Jehanne d'Arc était bien plus qu'une petite croyante obtuse: de nombreux témoignages historiques prouvent qu'elle était extraordinairement intelligente. Interrogée par des docteurs de l'Église, elle sut leur tenir tête, avec ruse et audace.
Jehanne avait une vocation singulière, incompatible avec une vie de femme, telle qu'on la concevait à son époque (et affirmer que le rôle social de la femme était déterminé par le Catholicisme serait faux et réducteur: dans la civilisation grecque et romaine, les femmes n'avaient guère plus d'autonomie). Pour cela Jehanne repoussa un jeune homme qui voulait l'épouser, et sut se défendre lorsqu'il fit appel à la justice.
Plus tard, elle vécut la vie des hommes, en dormant dans des campements, entourée de soldats.

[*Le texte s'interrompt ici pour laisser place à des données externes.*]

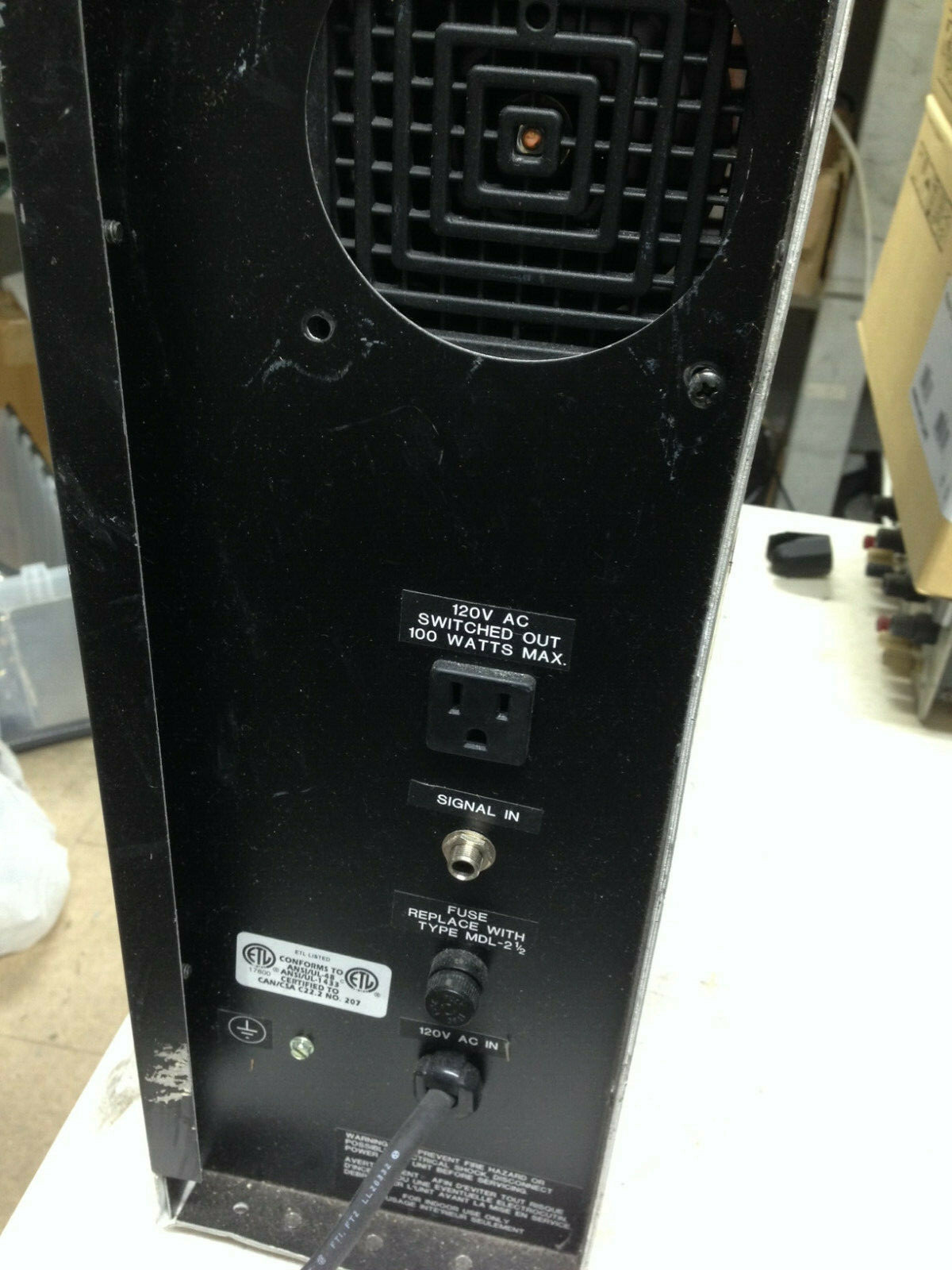 DAKTRONICS BACKSTOP MOUNTED SCOREBOARDS, PAIR, MODEL BB-2014-9, INDOOR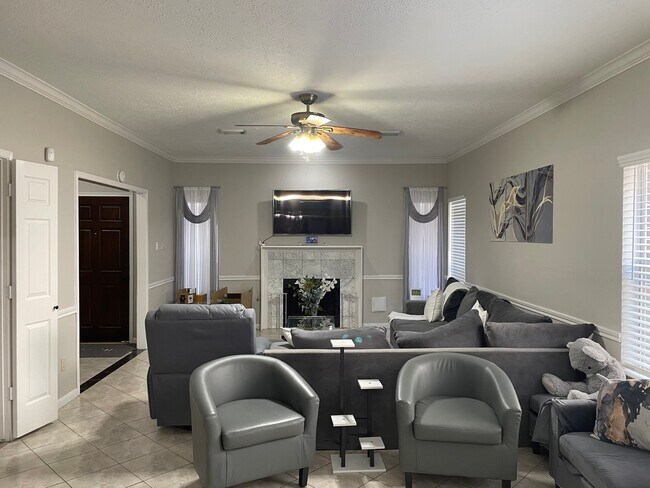 Foto del edificio - 16434 Concord Falls Ln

Si elle avait eu des relations avec un homme, on aurait pu la soupçonner d'avoir été la maîtresse de tous ses célèbres Compagnons. Elle aurait ainsi irrémédiablement perdu son charisme, pour devenir aux yeux des gens une vulgaire putain.
Or, Jehanne était trop imprégnée de sa vocation d'héroïne pour la sacrifier à quelques moments de plaisir sexuel.
Elle aurait pu se marier dans son petit village natal. Elle aurait dû oublier son rêve de bouter les Anglais hors de France et aurait passé le restant de ses jours à s'occuper du foyer et procréer. Avec un peu de chance, elle aurait survécu à son huitième ou neuvième accouchement.
Et là est pour moi la grosse question: si Jehanne avait préféré une vie moins dangereuse au foyer, son destin aurait été moins tragique, mais insignifiant.
Lorsque je pense au sort de Jehanne, je ne peux pas m'empêcher de l'associer à un autre destin tragique de femme, qui m'a profondément impressionnée: celui de Kalpana Chawla.
Kalpana Chawla périt dans l'accident la navette spatiale Columbia. La navette brûla au contact avec l'atmosphère, et ses occupants, comme autant d'Icares contemporains, brûlèrent aussi: je ne sais si cela se passa très vite, comme je l'espère, ou trop lentement.
Je me souviens avoir vu la mère de Kalpana à la TV: digne et fière, enveloppée dans son costume traditionnel indien, la goutte rouge peinte sur le front. Si Kalpana avait été comme sa mère, elle n'aurait pas quitté sa maison, ni troqué son sari contre un uniforme et son rôle de femme au foyer contre des ambitions masculines; elle vivrait probablement encore. Et je ne pourrai certainement pas affirmer avec certitude qu'un vol dans l'espace vaut une mort affreuse et précoce.
Mais il existe des vocations singulières qui exigent une certaine prise de risque. Ne m'accusez pas d'être folle, incendiaire, dérangée, troublée par trop de lectures romantiques: la vie est précieuse, mais elle l'est d'autant plus lorsqu'on goûte à sa fragilité.
Le rêve que les médias nous inculquent: une existence longue, paisible, comblée de toute sorte de plaisirs, à l'abri du moindre imprévu... n'est-ce pas de toute façon un mensonge?